Stored dataset items:
--- START ---

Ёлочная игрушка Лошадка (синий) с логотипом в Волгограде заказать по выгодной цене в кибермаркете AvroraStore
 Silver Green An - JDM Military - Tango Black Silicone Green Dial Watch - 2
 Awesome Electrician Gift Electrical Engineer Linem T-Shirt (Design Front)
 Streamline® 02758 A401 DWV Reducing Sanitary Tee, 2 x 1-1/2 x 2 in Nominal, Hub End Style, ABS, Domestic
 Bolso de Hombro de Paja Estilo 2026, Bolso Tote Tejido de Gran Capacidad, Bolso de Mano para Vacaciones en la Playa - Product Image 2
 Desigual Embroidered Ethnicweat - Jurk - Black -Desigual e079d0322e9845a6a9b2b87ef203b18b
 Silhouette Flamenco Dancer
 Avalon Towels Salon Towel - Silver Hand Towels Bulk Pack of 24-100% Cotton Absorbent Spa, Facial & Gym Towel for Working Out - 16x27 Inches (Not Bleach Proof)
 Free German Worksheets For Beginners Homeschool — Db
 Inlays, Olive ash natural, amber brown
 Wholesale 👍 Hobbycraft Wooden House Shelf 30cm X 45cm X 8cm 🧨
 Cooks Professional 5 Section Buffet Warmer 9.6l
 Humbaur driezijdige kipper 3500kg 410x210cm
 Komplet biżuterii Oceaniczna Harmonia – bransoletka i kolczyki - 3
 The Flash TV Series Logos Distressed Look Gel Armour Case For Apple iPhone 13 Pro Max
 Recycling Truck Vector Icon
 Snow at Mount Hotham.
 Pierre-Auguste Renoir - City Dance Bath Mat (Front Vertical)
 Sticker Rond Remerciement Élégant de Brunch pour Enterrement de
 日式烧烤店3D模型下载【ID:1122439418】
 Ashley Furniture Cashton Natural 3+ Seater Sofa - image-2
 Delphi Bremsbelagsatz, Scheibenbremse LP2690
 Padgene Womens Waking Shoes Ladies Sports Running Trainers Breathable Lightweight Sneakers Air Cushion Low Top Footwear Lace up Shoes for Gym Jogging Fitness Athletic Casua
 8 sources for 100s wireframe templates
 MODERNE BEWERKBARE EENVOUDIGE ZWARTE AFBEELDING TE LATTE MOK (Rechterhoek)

--- END ---

*EXERCISE DETAILS*
Check each line above for the word "Black" and give the number of lines that have it, nothing else.

*SOLUTION FOR THIS TASK*
2